Uber Eats is a pretty straightforward concept: You order food from a restaurant, and an Uber driver delivers it to you. But Uber has been testing a new service that eliminates the seemingly most important part of that equation: the driver (and not by replacing that person with a drone). Instead, the brand is testing letting users order on the app and then going to the restaurant to eat anyway. Meet Uber Eats Dine-in.

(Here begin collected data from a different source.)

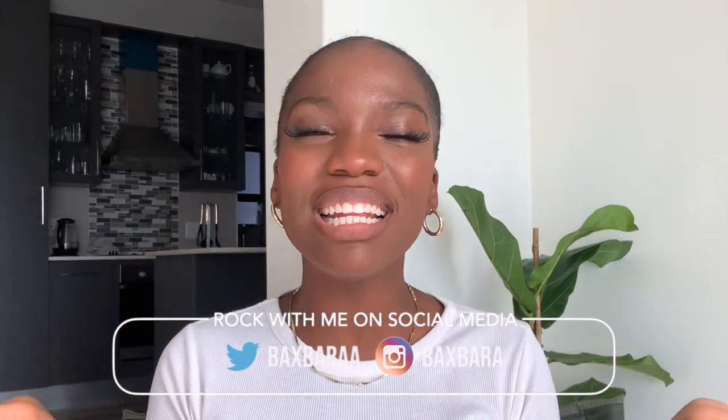Hey, what's up everyone, welcome back to my channel. If you're new here, my name is Bax and it's absolutely fabulous meeting you today. I'm going to take you through how I achieve this natural no-makeup makeup clean girl aesthetic. Make sure that you do subscribe — we're on the road to 10k and it would mean the world to me. I hope that you enjoy the video.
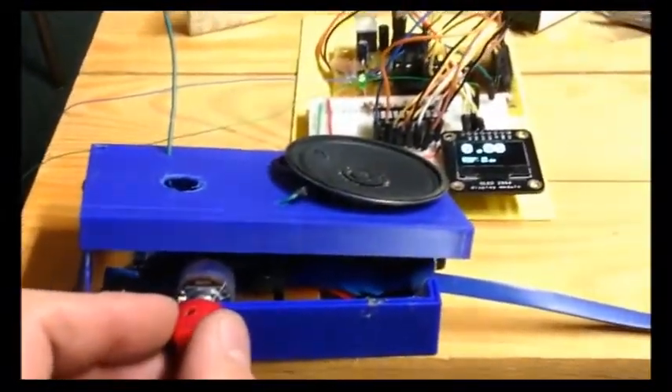I don't know how well you can hear that, but — there you go. Now let's grab a little screwdriver and I'll show you how I tune this thing.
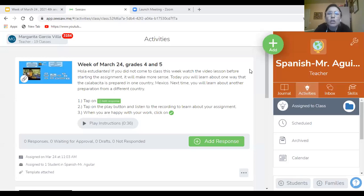Muy bien, estudiantes. I hope you feel very proud of yourself because you just read a lot. Now I want to share with you what you're going to do for homework. I want you to feel very prepared, so we're going to go over this together. Let's listen to the directions together.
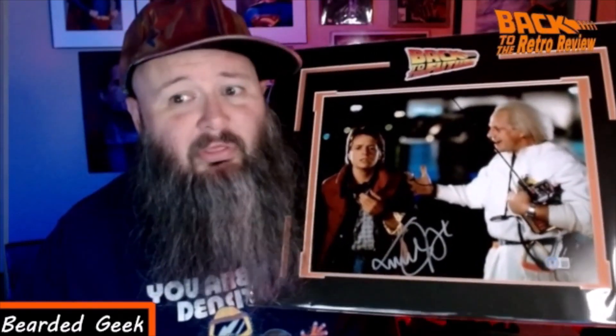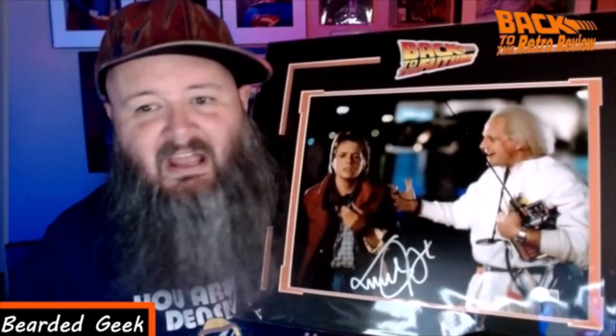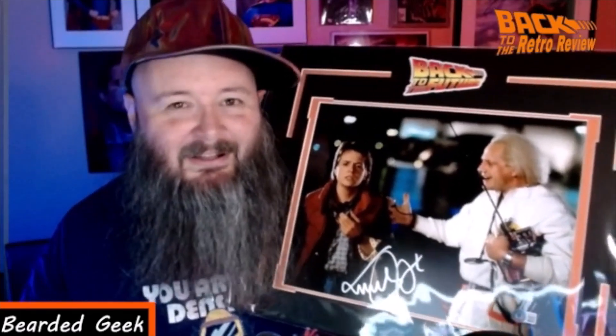Tell me what you think of this autograph. I think this is amazing — probably my favorite piece ever by BAM, hands down, no question about it. Back to the Future, Michael J. Fox — amazing. Leave a comment, tell me what you guys think. I am the Bearded Geek, and as always, keep it retro everybody!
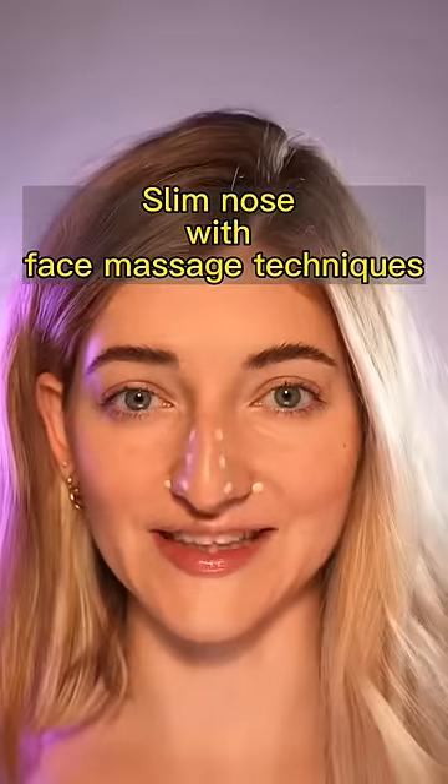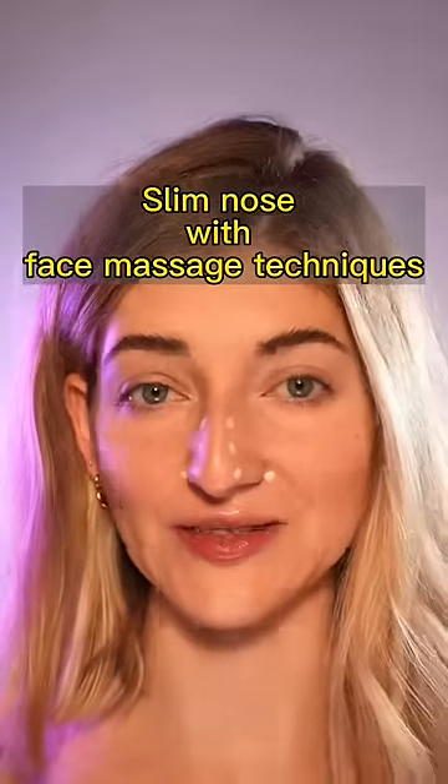How to get a slim nose with face massage technique. So these are the four points that I want you to focus on. Let's go!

Dine-in is as contradictory as it is potentially genius — allowing Uber’s “delivery” service to take a cut on what isn’t far off from a normal restaurant experience simply by serving as a digital cashier/waiter, a nice revenue stream if you can get it. Uber Eats quietly launched the new Dine-in option — which, when available, can be found next to the Delivery and Pickup options in the app — in select cities back in November, a spokesperson confirmed to Eater. Dine-in can currently be found in Dallas, Austin, Tucson, and San Diego, giving diners the ability to “choose to sit in the restaurant to eat your food,” as Uber puts it. The option is apparently free for users, though they can choose to tip the restaurant in the app.

“We want to enable restaurants to focus on what they’re best at — making amazing food and providing top-notch service,” the spokesperson wrote to Eater, explaining that the Dine-in feature can be seen as a form of advertising that allows customers to find restaurants through the Uber app. “By allowing customers to order and pay in the app, we streamline the experience for both the customers and the restaurant.” (Of course, the cost of that streamlining likely still comes in the form of a cut of the profits from each order, as it does with delivered food.)

Speaking of customers, Dine-in has potential benefits for them, too. If you’re in a hurry or simply don’t feel like standing in line or waiting for a server, ordering ahead will definitely speed up a meal, all without ever having to reach for your wallet. (Dine-in would seem more tailor-made for quick-service restaurants than for full-service ones.) Dine-in even allows users to schedule when they want their food to be ready, meaning something like grabbing a bite before a movie should be able to go off without a hitch.

However, Dine-in has additional benefits for Uber, as well. For instance, how are you planning on getting to that restaurant? Maybe Uber can take you? Or let’s say Uber already knows you’re on the way to a restaurant: Why not order while you’re in the car? Dine-in can help further integrate Uber into an entire evening out. Now if only Uber could find a legal way to serve you a pre-dinner drink during the ride.